Most books by academics are relentlessly impersonal. Footnotes buttress with hard evidence any statements that are remotely controversial (and sometimes many that aren't). Acknowledgments may contain thanks to the author's wife for help with the proofs or index, but otherwise one would never know that the writers were flesh-and-blood human beings with relationships, passions, prejudices, hopes and dreams.
So what happens when academics buck the trend, turn confessional and decide to reveal intimate - and often embarrassing - details of their personal lives? Take John Sutherland's Last Drink to LA (2001). This certainly draws on his talents as a literary scholar in some sharp reflections on writers, masculinity and alcohol, and some vivid character sketches of the strange types one finds in Alcoholics Anonymous groups in the US. But it also gives a frank account of the time when his own life hit the skids, when his chronic alcoholism led him to hear voices coming out of kettles and paintings on the wall, and a bender left him "in the grip of agonising withdrawal. Uneven heartbeat, panic attacks, dislocation of time".
His lurch downwards, just before he signs up at AA, reaches its nadir while working at Caltech in Pasadena. The only place for a drink "within cycling distance (at least, cycling back distance)" turned out to be a gay bar. He had always been heterosexual, although an inadequate and unfaithful husband, but this seemed a chance to try something new. After one heavy night, he recalls, he woke up semi-dressed beside an African-American - and "my hand brushed against his penis (accidentally, as I trust), and felt nothing there ... His Johnson had been cut off, amputated. Perhaps it was a preliminary to a sex-change operation".

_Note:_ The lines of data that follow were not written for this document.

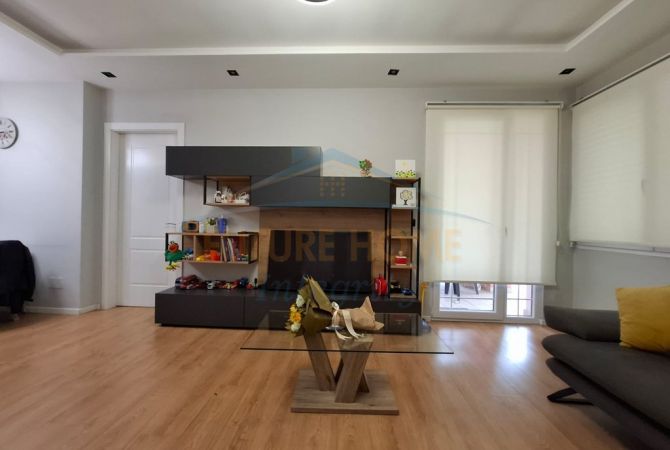 Shtepi me qera Apartament ne Tirane, 2+1, Mobilimi E mobiluar, Pagesa 800  Euro.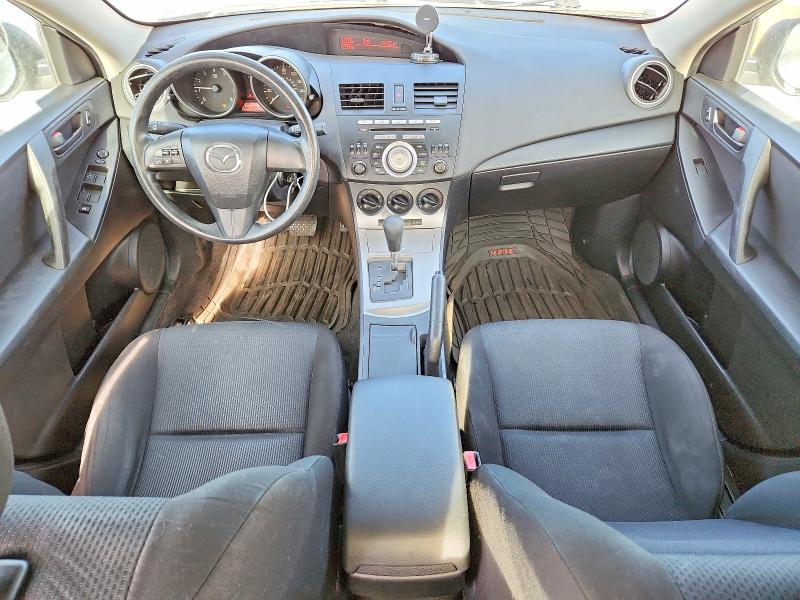 49739816 :رقم المزاد ، JM1BL1UF1B1416141 vin ، 2011 Mazda 3 مزاد بيع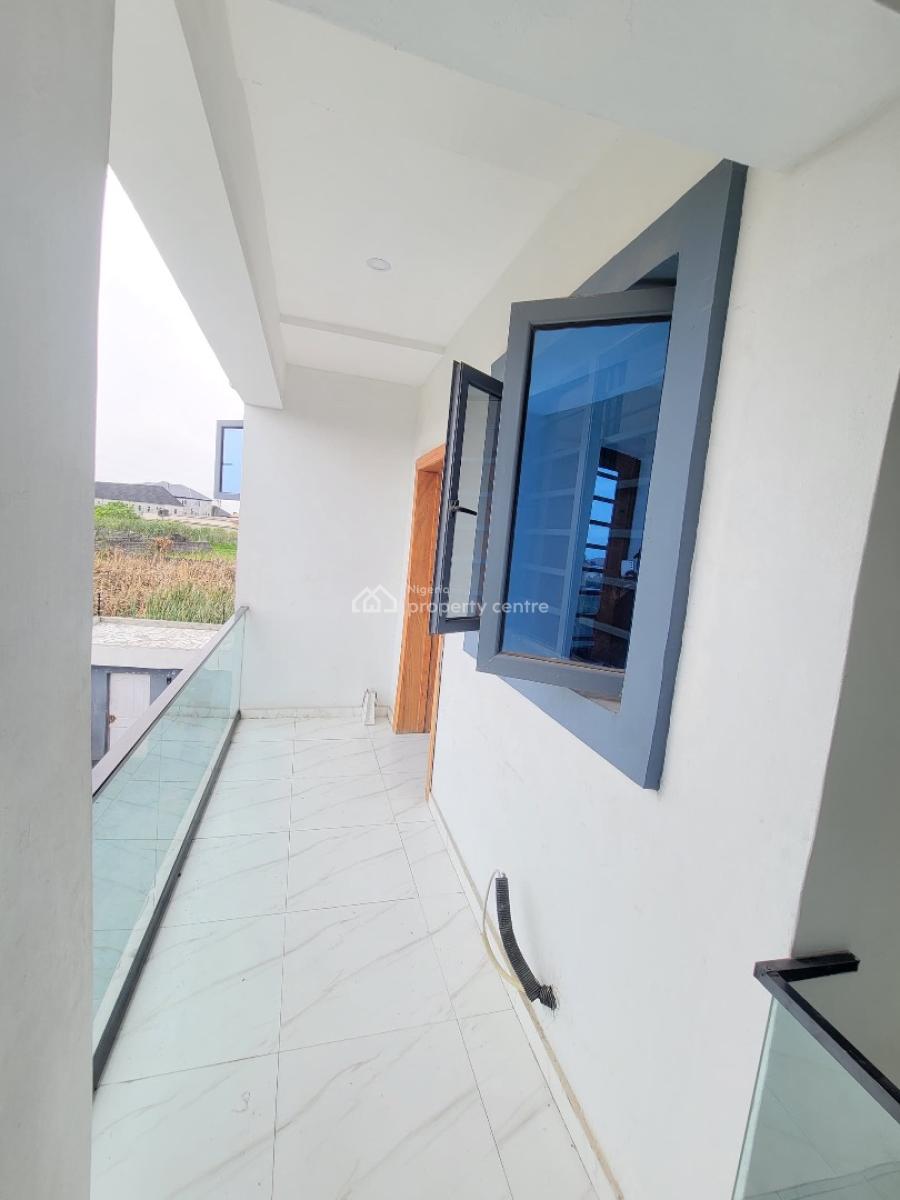 Beautiful Luxurious 4 Bedroom Flat Upstairs, Greenville Estate Badore, Ajah, Lagos, Flat / Apartment for Rent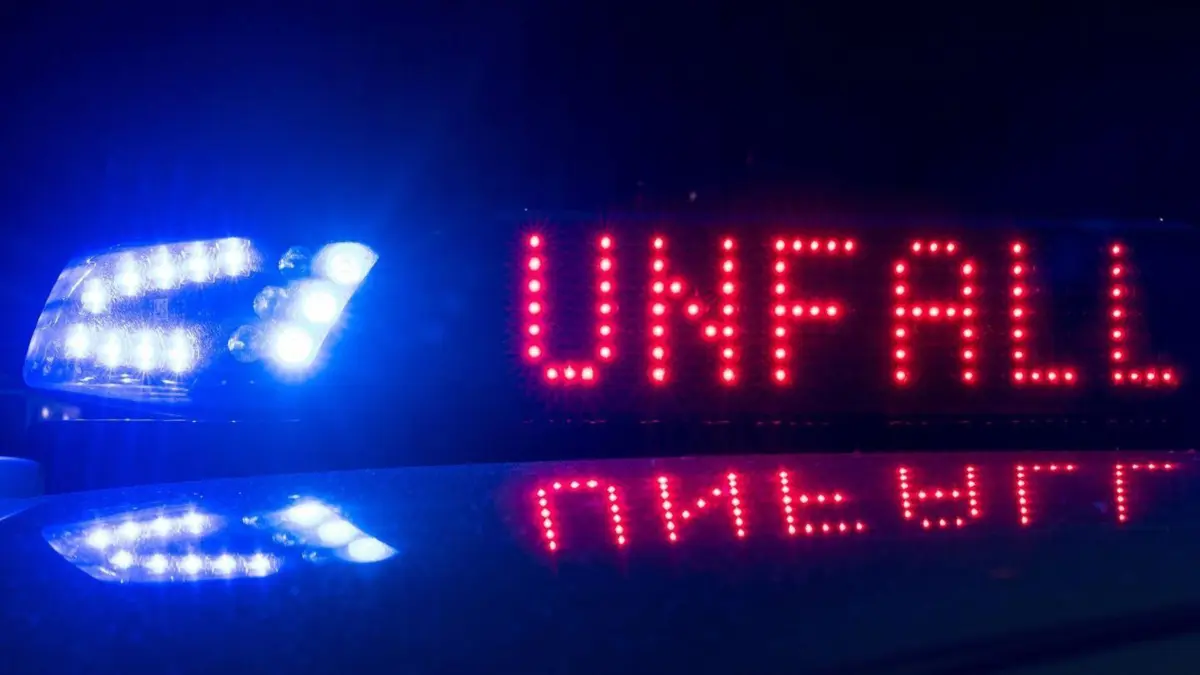 Der entgegenkommende Opel wurde laut Polizei noch auf einen Skoda geschoben (Symbolbild),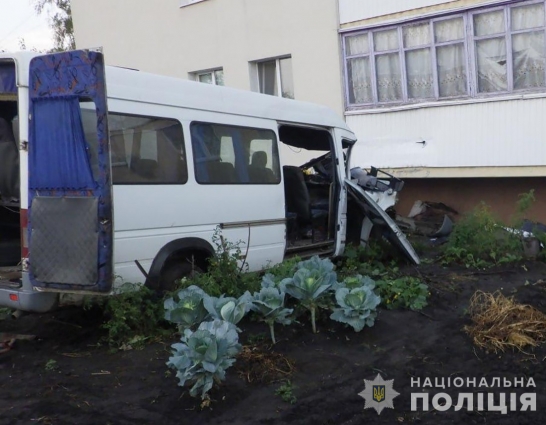У Звягелі чоловіку, який вкрав автобус та протаранив стіну багатоповерхівки, загрожує позбавлення волі строком від 5 до 8 років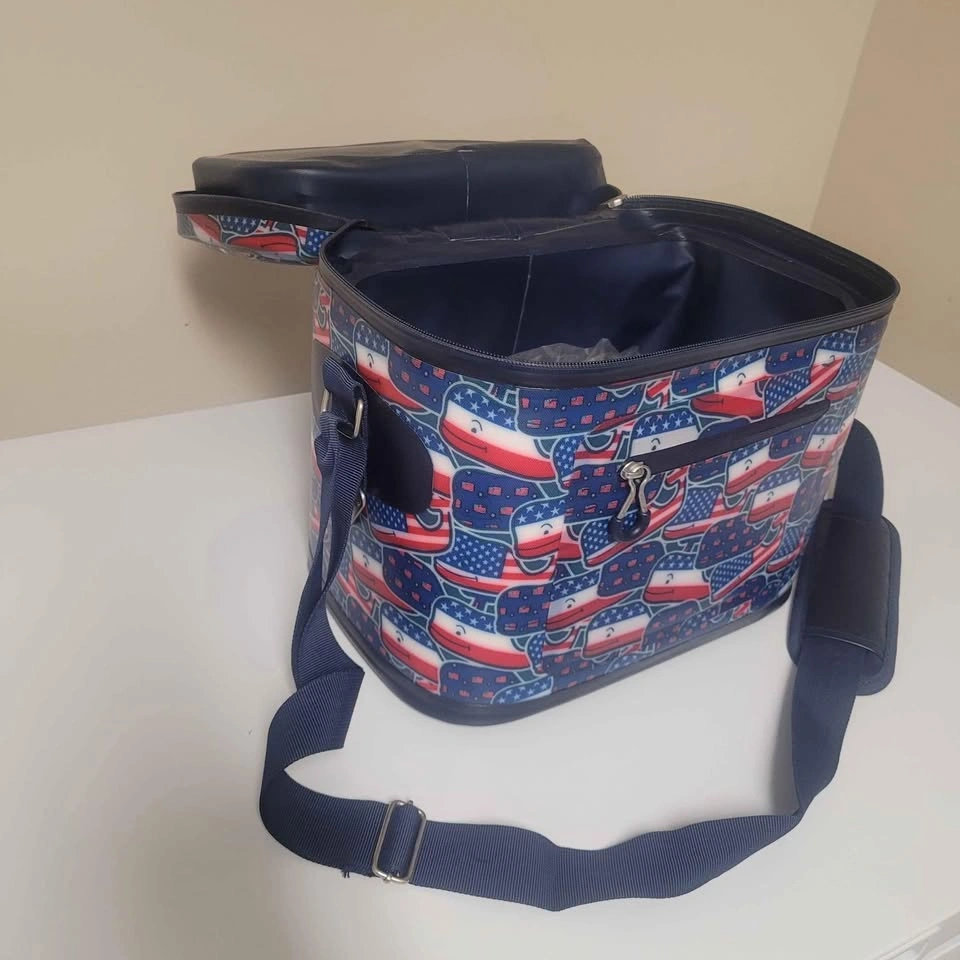 Vineyard Vines Whale and USA Flag 12 Can Cooler NWT - photo 2
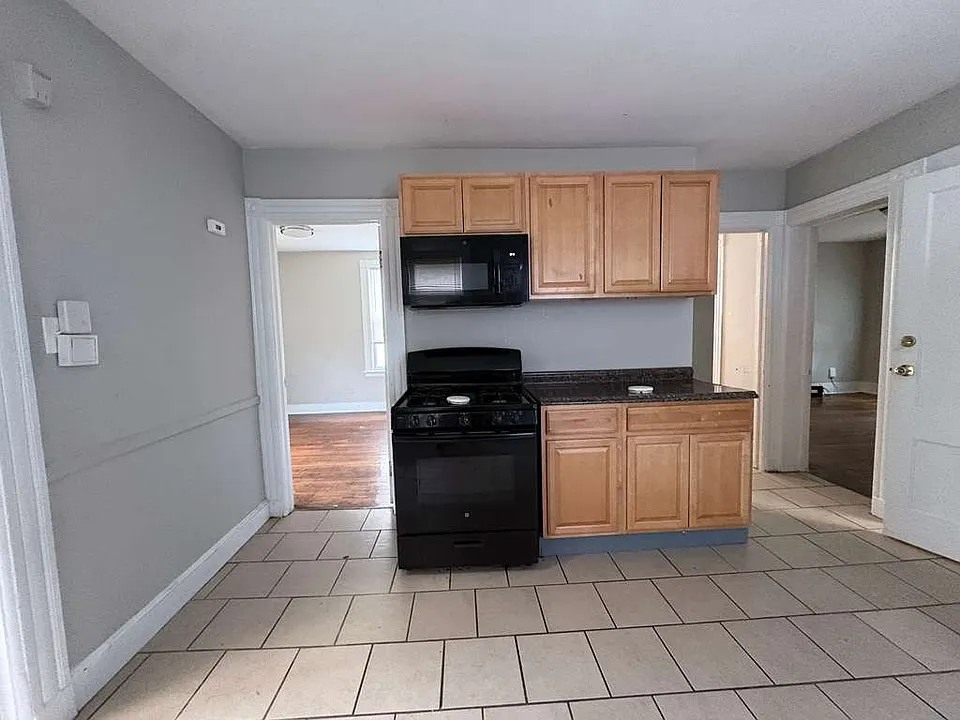 271 Howard Ave #2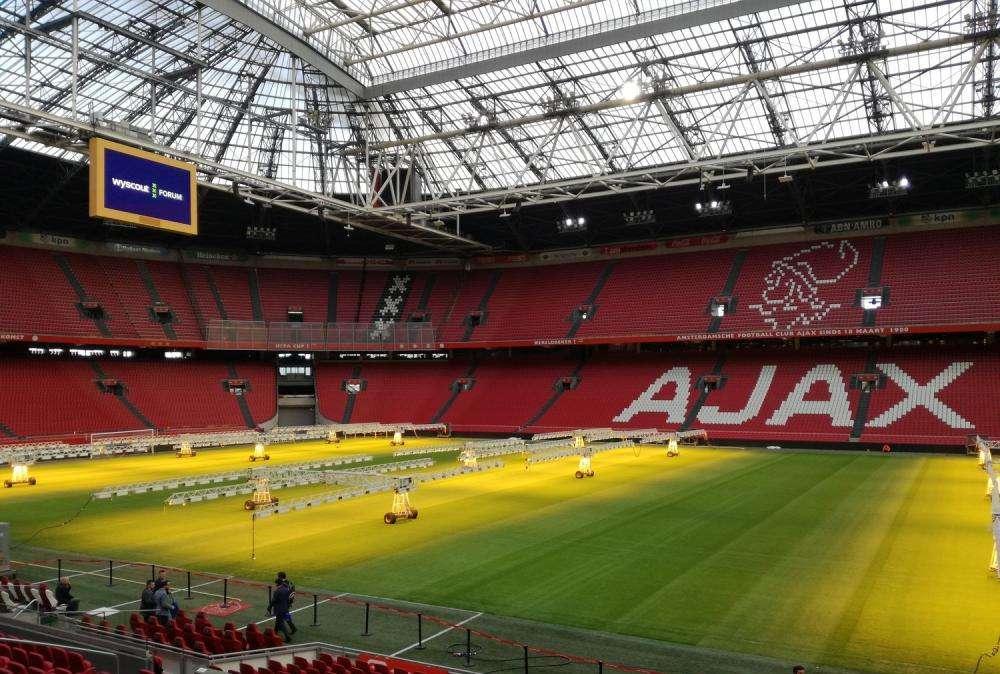 VIDEO - El momento en el que aficionados del Ajax lanzaron los fuegos artificiales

This, unsurprisingly, was "the end of (his) night and the morning of clarity. Was this what it had come to? All that grind, the degrees, the books read and the books written? Holding the penile stump of someone I barely knew, in a God-forsaken California ghetto in a sun-baked country where I didn't belong?" The reader might also have some questions: is this really the kind of story one wants to hear about a distinguished professor? And why on earth would he want to tell us?
Self-revelatory books have some obvious attractions. They can potentially attract a far wider readership and larger royalties than most scholarly monographs. They represent a different kind of writing challenge. And for those who have established careers and can afford to give offence, they provide ample - and often highly entertaining - opportunities for settling scores.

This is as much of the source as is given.